All lines from the one containing "muskegon-students-mfg-week-2025 Students in" through the final line of the records below should be reproduced exactly, with the pictures left out.

### MATERIAL FOR THIS EXERCISE
● ● ● ●
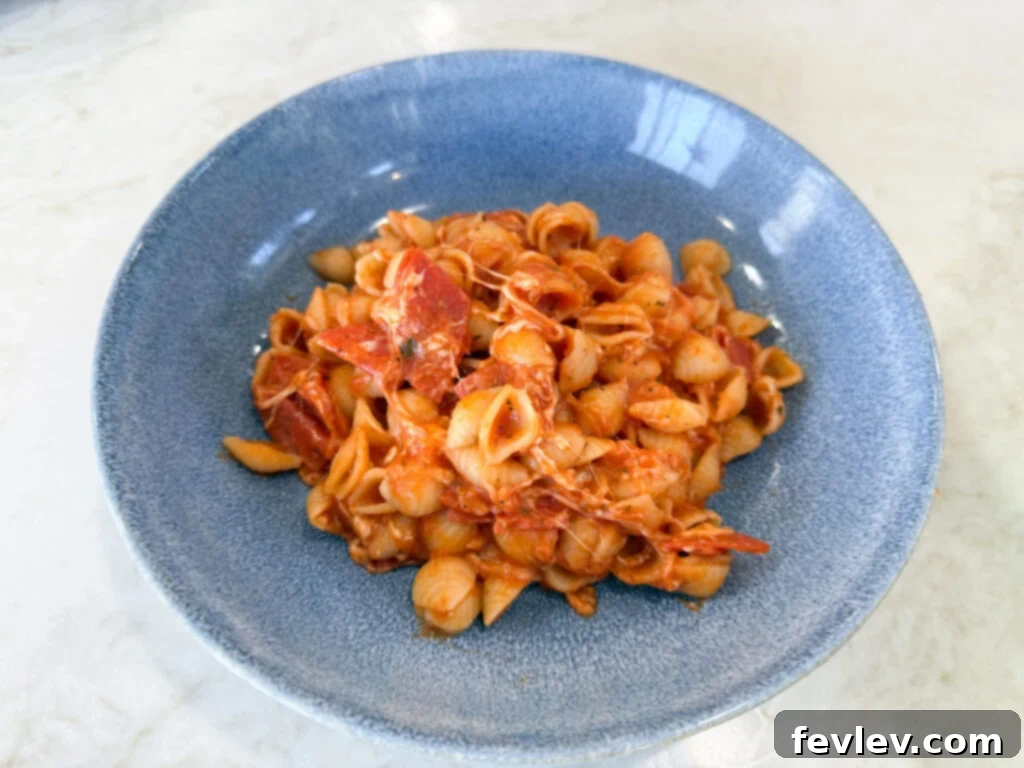 Feast for a Month: $45 Budget Dinners and Savvy Grocery Secrets 8 A cheesy, pepperoni-filled pizza pasta dish, combining two beloved comfort foods into one affordable meal.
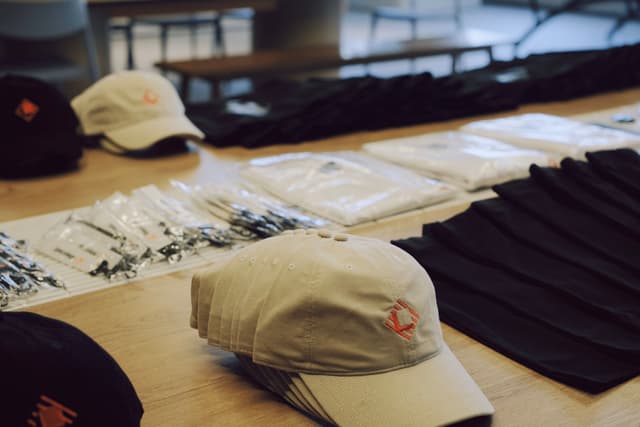 Tabletop display of conference giveaways including tote bags hats and printed materials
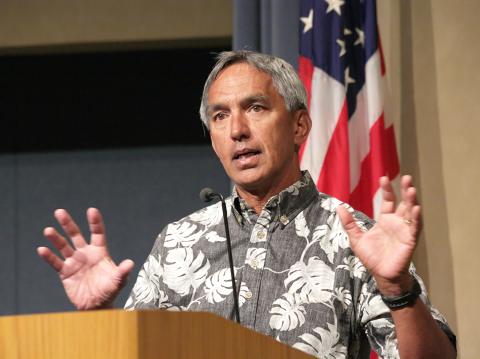 Nainoa Thompson with palms up speaks at podium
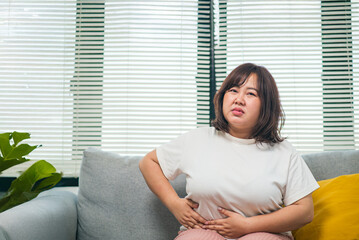 Asian teenage girl experiencing abdominal pain, possibly from menstrual cramps or a...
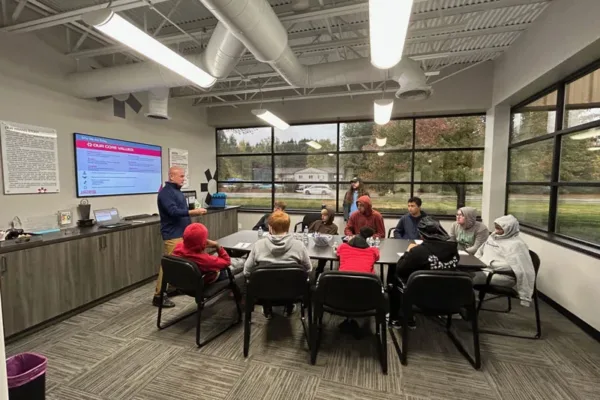 muskegon-students-mfg-week-2025 Students in conference learning about our company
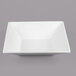 A white square G.E.T. Enterprises deep square bowl with a textured finish.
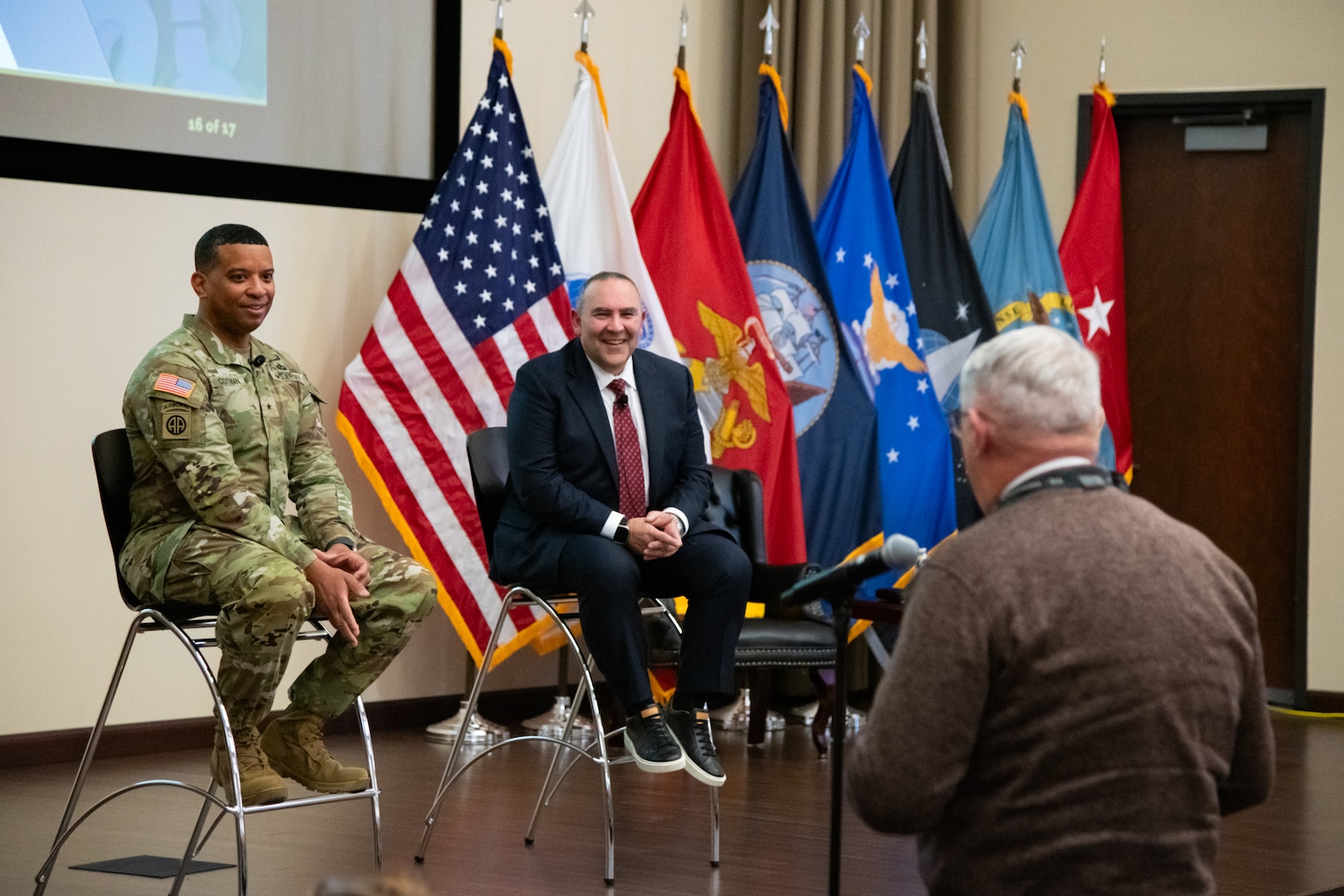 Two men, one wearing a suit and one wearing a camouflage military uniform, sit indoors on stools on a stage looking toward a man in the audience who is facing them and speaking into a microphone on a microphone stand.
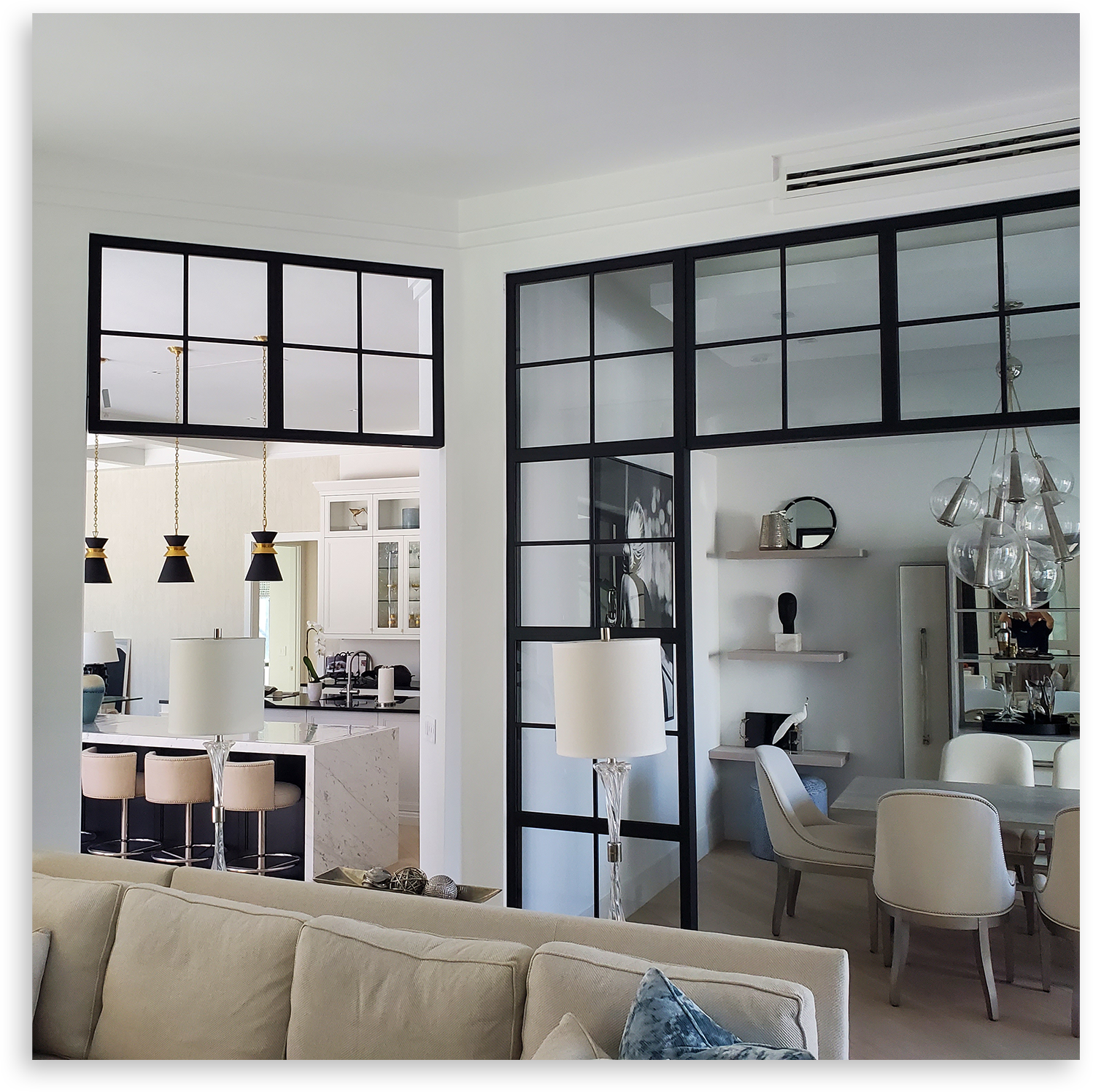 Urban Pure steel-look glass partitions dividing a living room from the kitchen and dining areas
● ● ● ●
### ANSWER SPACE
 muskegon-students-mfg-week-2025 Students in conference learning about our company
 A white square G.E.T. Enterprises deep square bowl with a textured finish.
 Two men, one wearing a suit and one wearing a camouflage military uniform, sit indoors on stools on a stage looking toward a man in the audience who is facing them and speaking into a microphone on a microphone stand.
 Urban Pure steel-look glass partitions dividing a living room from the kitchen and dining areas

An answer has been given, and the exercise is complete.